_Information shown:_
■ ■ ■ ■ ■ ■ ■
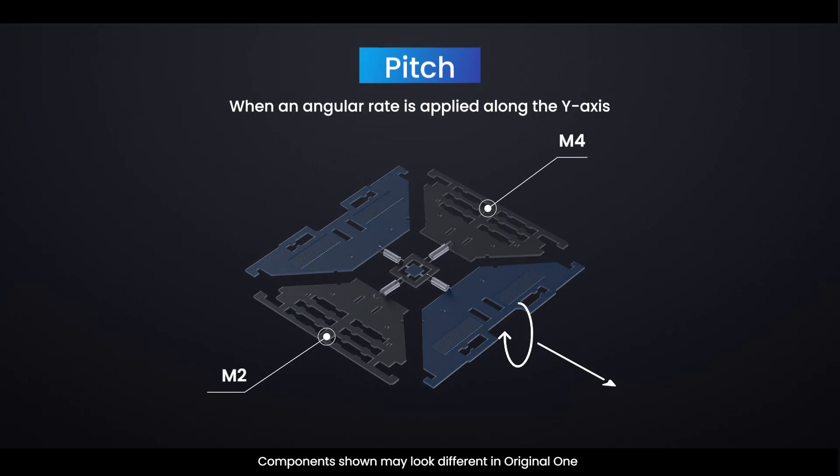Pitch Mode: when an angular rate is applied along the Y-axis, M2 and M4 will move up and down out of the plane. This causes a change in the pitch angle, hence the name Pitch Mode.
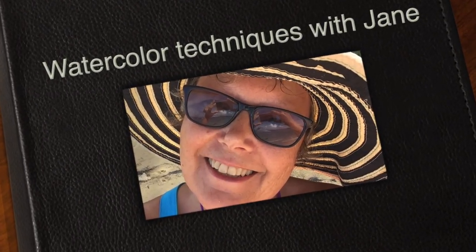Welcome to today's episode of watercolor techniques with Jane. Today we're going to do a wet-into-wet technique, then lay plastic wrap over it to make an organic background that can be used in other projects. I hope you enjoy this episode.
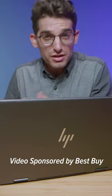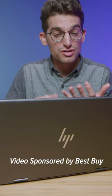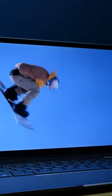This is the HP Envy x360, one of the best bang for buck laptops for college students, digital artists, graphic designers, and photographers.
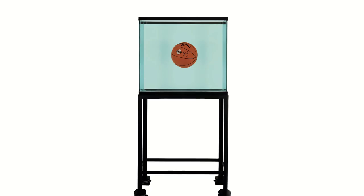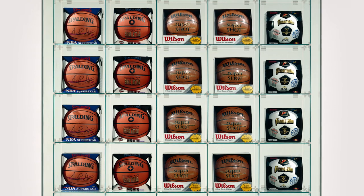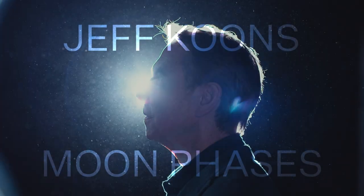I look at the moon phases, I can see my whole history as an artist. I can think of my encased works, the equilibrium series, and also just the aspiration of my Nike posters. Moon Phases really deals with global aspiration for humankind, beyond the earth, into the universe.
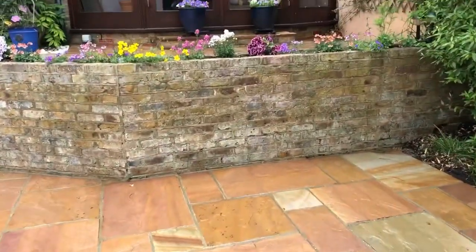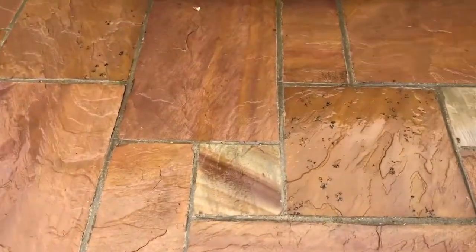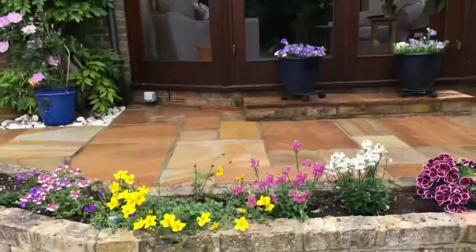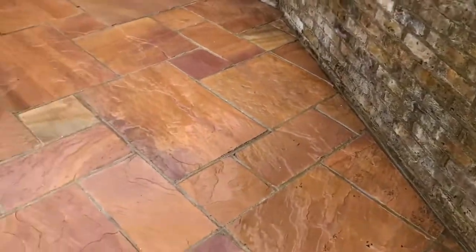There you have it — one Indian sandstone patio thoroughly cleaned and restored to its natural color. The only black you can see left on this surface are actually natural fossils that are in the stone, that have been there for millions of years. There's the end result compared to the first result.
■ ■ ■ ■ ■ ■ ■
_Task details:_ Everything in the records that precede this task must be written out again exactly, except the pictures.

_Exercise response:_
Pitch Mode: when an angular rate is applied along the Y-axis, M2 and M4 will move up and down out of the plane. This causes a change in the pitch angle, hence the name Pitch Mode.
Welcome to today's episode of watercolor techniques with Jane. Today we're going to do a wet-into-wet technique, then lay plastic wrap over it to make an organic background that can be used in other projects. I hope you enjoy this episode.
This is the HP Envy x360, one of the best bang for buck laptops for college students, digital artists, graphic designers, and photographers.
I look at the moon phases, I can see my whole history as an artist. I can think of my encased works, the equilibrium series, and also just the aspiration of my Nike posters. Moon Phases really deals with global aspiration for humankind, beyond the earth, into the universe.
There you have it — one Indian sandstone patio thoroughly cleaned and restored to its natural color. The only black you can see left on this surface are actually natural fossils that are in the stone, that have been there for millions of years. There's the end result compared to the first result.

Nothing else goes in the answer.